Q: What is an acoustically transparent projector screen?
An acoustically transparent projector screen is best suited in a scenario when speakers need to be placed behind the projection screen and you do not want to sound waves to interact with the screen, moving the projection surface and causing distortions to the image or diminishing the quality of the audio by blocking the sound waves.
Acoustically transparent screens work by utilizing negative space in the surface, which allows for the sound waves to travel through without interference from the surface.
These screens are particularly useful when there is not enough space in the screening room to have the speakers placed on the side of the screen and one does not want to get a smaller screen in order to leave room for the speakers on the side.
Many people also prefer the illusion of the character’s voices coming from “behind” the picture as opposed to the sides or beneath it as it emulates the characters talking.
Types of audio transparent screens; Perforated vs. Woven
There are two main types of acoustically transparent screens; perforated screens and woven screens.
Perforated screens are made up of a series of holes with about a 0.3mm diameter or less. Some manufacturers make “micro” perforated materials with a much smaller diameter hole.
These perforations allow the sound to penetrate the screen without allowing much light through, eliminating the possibility of the picture also reflecting from the wall behind through the perforations back to the viewer’s eyes.
Generally, the negative space of the perforations is more noticeable than the negative space in the weave when at a closer viewing distance.
That being said, both the perforations & weave become virtually unnoticeable when seating further than 12’ away from the screen.
This gap continues to shrink as manufacturer’s are using smaller perforations and tighter weaves which is specifically important as the pixel size is shrinking with the adoption of higher resolution projectors.
As opposed to having a single sheet of surface with holes punched into it, a woven screen is made on a loom similar to the way other textiles are woven.
Woven screens have more natural variations in their thickness and pattern, making them more effective in reducing alignment with the projector pixels and reducing the effect of moiré than that of a perforated screen.
These may also lose small amounts of sound at certain frequencies as it is absorbed into the screen, but this can normally be fixed with tone controls and basic equalization.
Woven fabrics, on the other hand, are not quite as good at delivering sound through the screen but they do reduce the potential for a moiré effect and have a less noticeable pattern at a closer viewing distance.

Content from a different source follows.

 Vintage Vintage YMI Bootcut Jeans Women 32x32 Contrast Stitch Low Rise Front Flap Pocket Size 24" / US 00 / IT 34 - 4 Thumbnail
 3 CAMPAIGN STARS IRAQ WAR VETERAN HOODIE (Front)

Acoustically Transparent Projector screens and the moiré effect
What is moiré?
The moiré effect refers to the lines and patterns you may see on your projector screen when you are trying to projected video.
The problem is related to resolution; if a pixel cannot be seen a very short distance from the screen, then it is the projector screen that is causing the problem. However, if a pixel can be seen in detail it is the projector which is causing the problem. This is often the case with screens made from fine fabrics.
What is moiré and how does it occur?
Moiré occurs when the natural patterns on your projector screen align/overlap with the pixel patterns of what is being projected, merging to form lines that run across your screen. This can occur when the projection screen has too loose of a weave, perforations that are too large, or an uneven patterning.
Particularly bad cases of moiré will give you feeling that you are viewing your screen through a mesh screen door.
Moiré is becoming a larger issue now with 1080p+ HD projectors; The higher resolution makes the projected image more susceptible to imperfections on a textured screen compared to a smooth “HD” surface.
Most acoustically transparent screens have no issue with moire effect on a 720p resolution projector, however the greater the projection resolution, the smaller the pixel and the higher the probability of moiré.
“Generally” speaking, with screens 10ft wide and above, moire from the perforations or weave will not be a problem.
Place a plain white piece of paper against the screen exhibiting moire. If the pattern is still present on thepaper, then it is a result of the projector.
If the moire is not visible on the piece of paper than it is due to the screen. This is often the case when a 1080p+ projector is being used on an acoustically transparent surface with a loser weave, larger perforations or a non smooth surface.
The moiré effect can be prevented by the use of a smoother projection screen intended for use with 1080p+ projectors.